The family of Paul Rusesabagina, a businessman whose role in saving more than 1,000 lives inspired the film Hotel Rwanda, have accused the east African country’s authorities of kidnapping the 66-year-old from Dubai.
On Monday, Rusesabagina, who is an outspoken critic of President Paul Kagame, was paraded in handcuffs by Rwandan investigators before media in the capital, Kigali, accused of terrorism-related crimes.
Rusesabagina was the general manager of a luxury hotel in Kigali during the 1994 genocide, in which an estimated 800,000 people were killed with knives, clubs and other weapons.
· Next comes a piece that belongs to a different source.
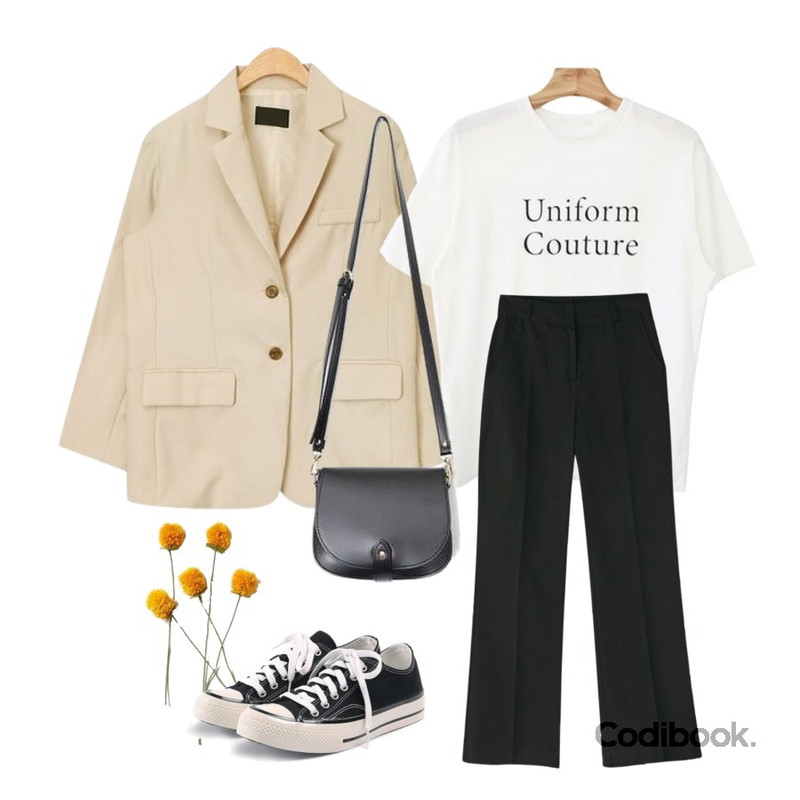 yellow flower,Zemma World Uniform-프린팅티셔츠[size:44~66 / 2color],AIN be mine single jacket등을 매치한 코디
The vast majority of the victims were from the Tutsi minority, though some Hutu moderates also died.
The 2004 film told the story of how Rusesabagina, a middle-class Hutu married to a Tutsi, used both his influence and bribery to save the lives of 1,200 people who sheltered at the Mille Collines hotel in the capital during the worst of the massacres.
Rwandan authorities have said Rusesabagina was arrested on what they described as “an international warrant” and is accused of being “the founder, leader, sponsor and member of violent, armed, extremist terror outfits … operating out of various places in the region and abroad.”
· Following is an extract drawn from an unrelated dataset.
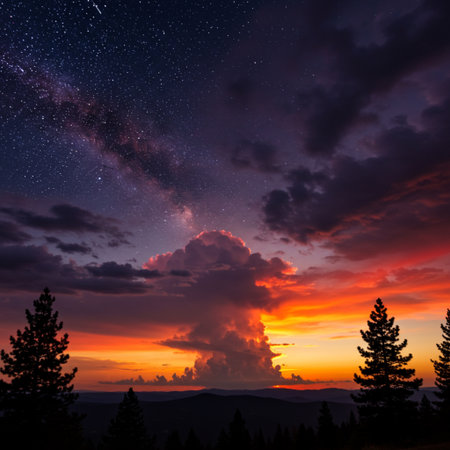 Milky Way over the mountains at sunset. Dramatic sky.の素材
Rusesabagina’s adopted daughter, Carine Kanimba, said she last spoke with him before he flew to Dubai last week but she did not know the exact nature of his trip.
Kanimba said his family was informed early Monday that he was being held in Rwanda but they have not been able to speak to him.
“We’re hoping to secure his release quickly and safely,” she said. “What they’re accusing him of is all made up. There is no evidence to what they’re claiming. We know this is a wrongful arrest.”
Another daughter, Anaise, told the BBC World Service radio that her father had last called them on Thursday from Dubai.
“I believe he was kidnapped because he would never go to Rwanda on his own will,” Anaise told the BBC.
Rusesabagina lives in Belgium and the US, where he was honoured by a Presidential Medal of Freedom, the nation’s highest civilian honour, by the then president George W Bush in 2005.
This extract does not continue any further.